I’d wager that most people would assume “largest city” meant “largest city [by population]” because that’s clearly what search results assume. “Largest city in USA” first lists the Wikipedia entry for “List of United States Cities by Population” [0], with the next bunch of results assuming the same thing. For me, the 9th result is the first to mention land area.[1]

[0] https://en.m.wikipedia.org/wiki/List_of_United_States_cities...

[1] https://worldpopulationreview.com/us-city-rankings/largest-c...
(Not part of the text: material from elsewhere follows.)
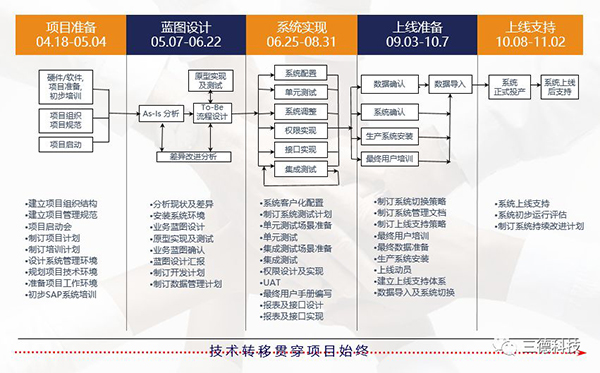 359e12b912187efeea2d7f1ba548444d 中国·拉斯维加斯5001(股份有限公司)-Official website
Jacksonville, Florida being the largest city has long been a trivia question that relies on this ambiguity. Based on the Wikipedia article, it looks like Anchorage is larger but maybe because it's a county equivalent, it's not considered a city in this context.
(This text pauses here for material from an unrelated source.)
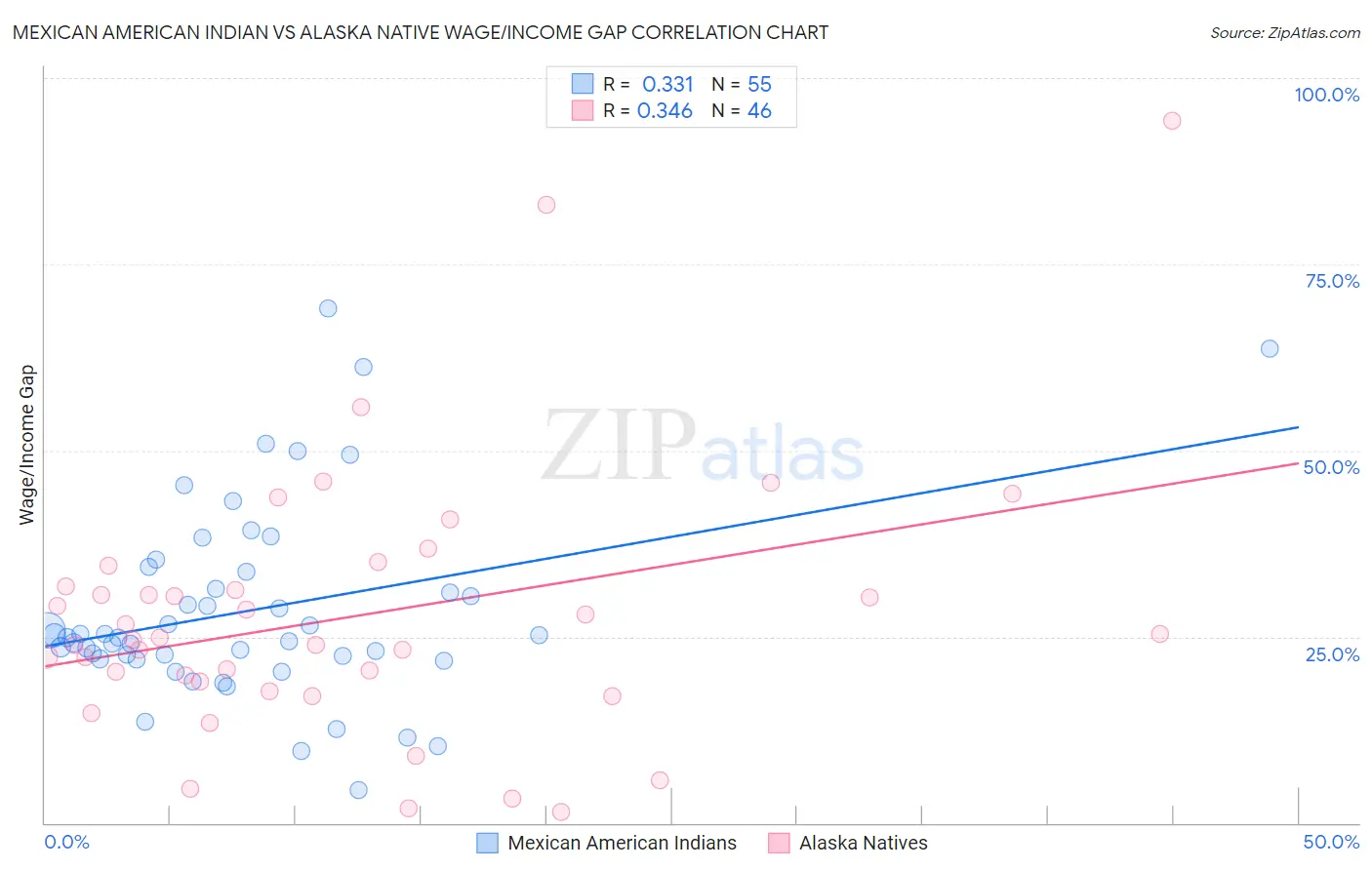 Mexican American Indian vs Alaska Native Wage/Income Gap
Jacksonville, FL, and Sitka, AK, are both “consolidated city-counties”.

https://en.wikipedia.org/wiki/List_of_United_States_cities_b...


Maybe it’s just the contiguous US? Fun fact!
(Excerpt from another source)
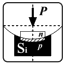 Pressure sensors icon
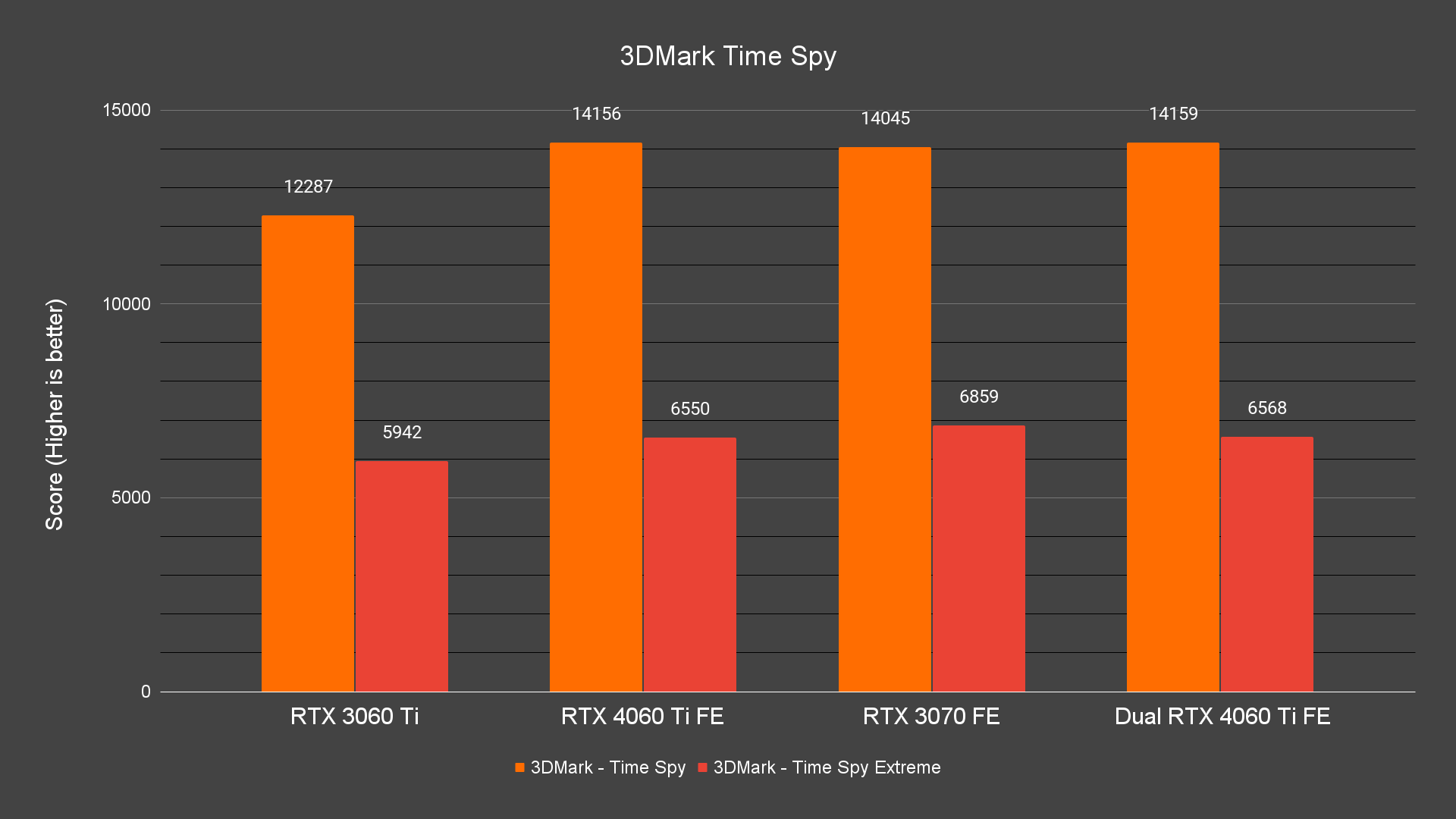 3DMark Time Spy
A city is simply a collection of people, so it's natural to say that the biggest city is the one with the most people.


Not sure I can agree with that definition. A city remains a city even if every single inhabitant leaves it.


I'd be interesting to hear how a city can remain existent without citizens.


Not that I have a better definition - but I've always considered a city to be defined by it's buildings, rather than people.